Perspektif

Merebut Tafsir Moderat: Agama Tak Ajarkan Cari-Cari Kesalahan

3 Mins read

Agama | Muhammadiyah dikenal sebagai gerakan amar ma’ruf nahi munkar. Spirit Muhammadiyah adalah spirit pencerahan. Ia dikenal sebagai organisasi besar dengan spirit tawasou bil haqq, wa tawaasou bissobr (mengajak kepada kebenaran dan dengan kesabaran).

Tatkala Kiai Dahlan menyeru di kampung kelahirannya Yogya, nampak betul bahwa Dahlan tidak menggunakan cara yang keras atau kaku. Bila Dahlan dulu menggunakan cara itu, tentu Muhammadiyah tidak berhasil seperti saat ini.

Muhammadiyah amat sangat memahami bagaimana proses orang mencari Islamnya, tetapi tetap mengajak umat untuk berpikir. Dahlan sering dalam aforismanya yang banyak dikutip sebagai fatwa dengan kalimat tanya yang retoris. Semua itu untuk menunjukkan betapa hebat dan sandaran gerakan Muhammadiyah kepada tradisi filsafat. Abdul Munir Mulkhan sering menyebut bahwa tradisi Dahlan amat kuat pada ilmu mantiq.

Tradisi mantiq ini digunakan Ahmad Dahlan untuk memahami agama dan terus menerus menjalankan agama dengan realitas keseharian. Dahlan pun menemukan spirit agama yang kemajuan, yang membebaskan. Artinya, agama bukan sesuatu yang stagnan dan anti kepada realitas sosial. Dahlan menggunakan Al-Ma’un sebagai basis filosofis untuk menggerakkan agama.

Spirit Pembebasan

Bila kita simak sejarah dakwah Kiai Dahlan kita akan menemukan spirit dari dakwah Islam ala Muhammadiyah adalah spirit pembebasan. Dahlan mengajak muridnya untuk mengubah paradigma belajar. Belajar agama bukanlah menurut atau tunduk terus-menerus kepada Kiai. Belajar agama adalah mempertanyakan, menemukan keresahan, dan mencari jawaban keresahan itu.

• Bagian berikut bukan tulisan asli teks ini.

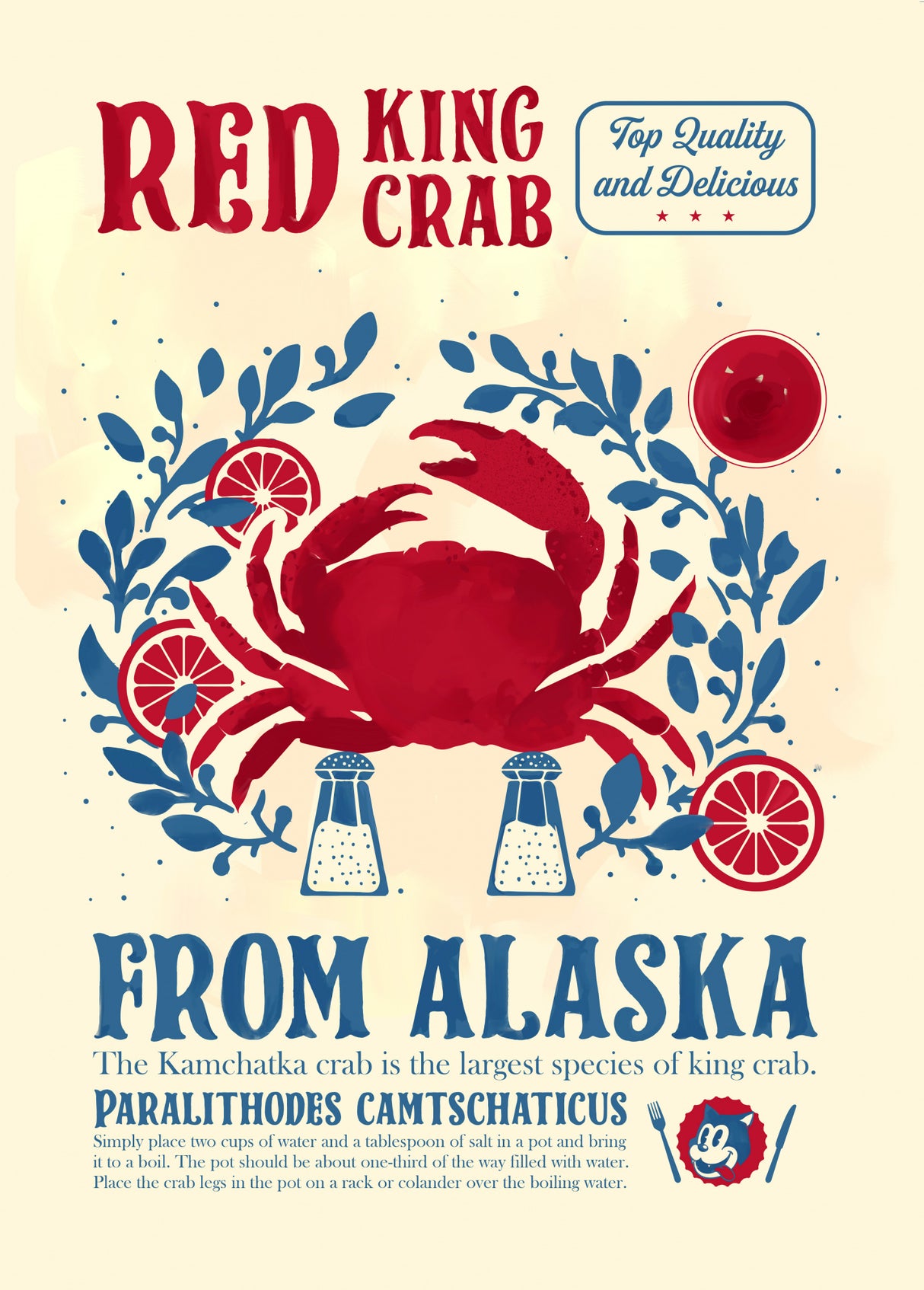 Crab kitchen print Poster och Canvastavla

Spirit membebaskan manusia dari kebodohan. Spirit menggunakan akal itulah sejatinya spirit agama. Ia membebaskan manusia dari ketundukan kepada taqlid, tunduk pada ikut-ikutan apalagi mendewakan guru. Dialog menjadi etos Dahlan untuk menemukan, mencari kebenaran agama.

Muhammadiyah sebagaimana dicontohkan Dahlan menolak kultus individu, menolak kebesaran individu, menolak satu pengakuan berlebihan kepada individu. Terlebih bila itu dikaitkan dengan kontribusi terhadap agama.

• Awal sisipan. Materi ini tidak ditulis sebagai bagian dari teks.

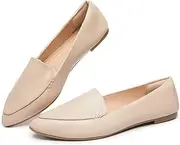 [FINIWOR] Women's Loafer Flats Shoes, Ladies Pointed Toe Dress Shoes, Comfortable Memory Foam Penny Loafers Slip On Shoes, Beige, 8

Baca Juga  Omong Kosong Covid-19 (2): Ketika Segelintir Agamawan Khianat

Agama adalah Laku

Kiai Dahlan sering mendengungkan bahwa ilmu harus dengan amal, amal harus berpijak pada ilmu. Ilmu dan amal adalah spirit dasar agama. Agama tanpa amal tidak ada artinya. Begitu pula amal tanpa dilandasi oleh ilmu maka keropos.

Sebagai gerakan Islam yang melandaskan pemikiran dan geraknya pada ilmu, maka Muhammadiyah bisa menjadi gerakan yang mencerahkan. Ia menjadi sinar dan cahaya bagi bangsa ini. Gerakan keagamaan Muhammadiyah selalu memiliki basis filosofis yang terang dan merujuk pada Al-Qur’an sebagai pedoman dan landasan geraknya. Sementara dalam mendakwahkan Islam, agama yang mencerahkan, Muhammadiyah juga mengamalkan gerak agamanya dalam praksis gerakan sosial yang merupakan manifestasi agama itu sendiri.

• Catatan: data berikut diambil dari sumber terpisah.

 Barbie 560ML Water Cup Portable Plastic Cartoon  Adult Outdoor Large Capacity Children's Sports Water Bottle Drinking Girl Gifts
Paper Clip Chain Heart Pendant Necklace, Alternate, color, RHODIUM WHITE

Dahlan selaku pendiri dan inspirasi gerakan Muhammadiyah mencontohkan betapa rapuhnya ilmu tanpa amal. Karena itulah, ia selalu menekankan kepada muridnya pada praksis keseharian, amal, dan laku keseharian menjalankan agama.

Dalam praksis gerakan, Muhammadiyah menghindari kontra-produktif yang mengarah pada perselisihan, perpecahan, dan permusuhan. Muhammadiyah justru menjadi motor dan inspirator untuk gerak maju sebagai wujud dari sikap beragama itu sendiri.

Rumah sakit, sekolah, panti asuhan, dan aneka amal usaha lain adalah satu wujud praktik amaliah agama yang wajib dijalankan sebagai sebuah laku agama.

Moderat

Muhammadiyah memiliki kepribadian atau watak yang moderat. Sikap moderat Muhammadiyah ini terumuskan dalam sepuluh sifat Muhammadiyah. Ada tiga watak dari sepuluh itu yang menunjukkan sikap moderat Muhammadiyah.

Pertama, lapang dada, luas pandangan, dengan memegang teguh ajaran Islam. Artinya, kader Muhammadiyah harus memiliki spirit belajar agama yang tidak berhenti, tidak kaku karena memiliki cakrawala yang luas dan berpegang teguh pada ajaran Islam.

Kedua, kerjasama dalam golongan Islam manapun untuk menyiarkan agama Islam. Spirit Muhammadiyah adalah gotong royong dan kerjasama dalam dakwah agama dan sosial.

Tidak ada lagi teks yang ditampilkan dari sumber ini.